In contrast, another study from Singapore focusing on willingness-to-pay (WTP) for NIPT revealed that while older, more educated women, or those intending to terminate a pregnancy if affected, showed a higher WTP for NIPT, the general population was not willing to pay extra for NIPT over standard testing as a first-line screening method. This highlights a discrepancy between perceived value and actual financial commitment to NIPT in different cultural and economic settings, underscoring the complex dynamics that influence prenatal testing decisions globally (34).

The study showcases several strengths that enhance its value in the field of prenatal diagnostics. Firstly, the engagement of a diverse cohort of 125 pregnant women from varied socio-economic backgrounds in Vietnam helps to ensure that the findings are reflective of a broad spectrum of the population, enhancing their relevance within the regional context. Furthermore, the study delves deep into the diagnostic preferences between NIPT and amniocentesis across different risk thresholds, providing a detailed understanding of prenatal testing choices in a nuanced manner. Additionally, the use of chi-square analysis to discern significant differences in testing preferences across age groups imbues the study with statistical rigor, strengthening the reliability of the conclusions drawn.

However, the study is not without its limitations. The regional focus on Vietnam, while providing depth, may limit the generalizability of the findings to other regions without adaptations to local medical practices and cultural factors. Furthermore, the cross-sectional design of the study captures preferences at a single point in time, which does not allow for an understanding of how these preferences might change throughout the pregnancy or in response to shifts in healthcare policy.
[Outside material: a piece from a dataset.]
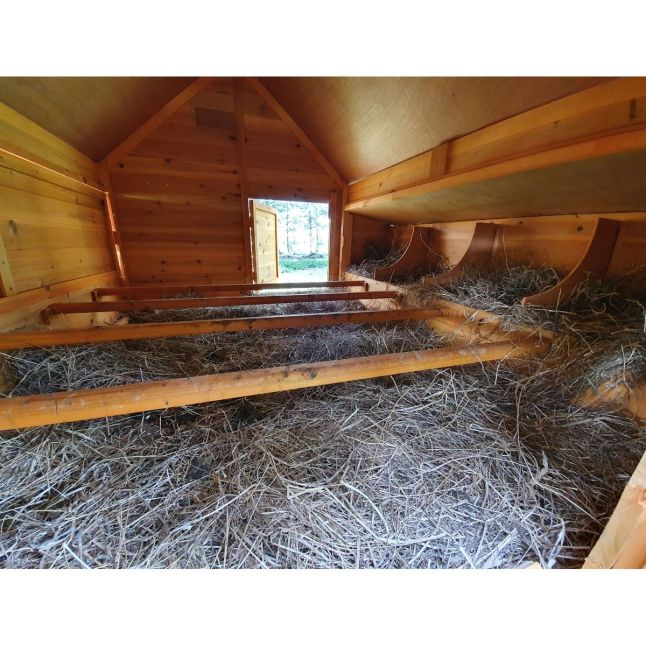 Grand poulailler Bassette XXL 15 à 18 poules toit vert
Future research could extend these findings by expanding the geographic scope and adopting a longitudinal design, offering a more dynamic view of prenatal screening behaviors and their outcomes globally.

5.1. Conclusions

In conclusion, the present study shows that the NIPT test was preferred over invasive methods in screening for Down syndrome among at-risk pregnant women in Vietnam. The main reasons for choosing subsequent tests include personal health beliefs, economic status, and the perceived reliability of the NIPT test over invasive procedures. There is a need for individualized counseling and education, as well as increased support for noninvasive testing options through healthcare policy and improved insurance coverage. The study’s findings suggest that a shift towards less invasive prenatal testing methods could lead to broader changes in prenatal care practices, especially in developing countries like Vietnam.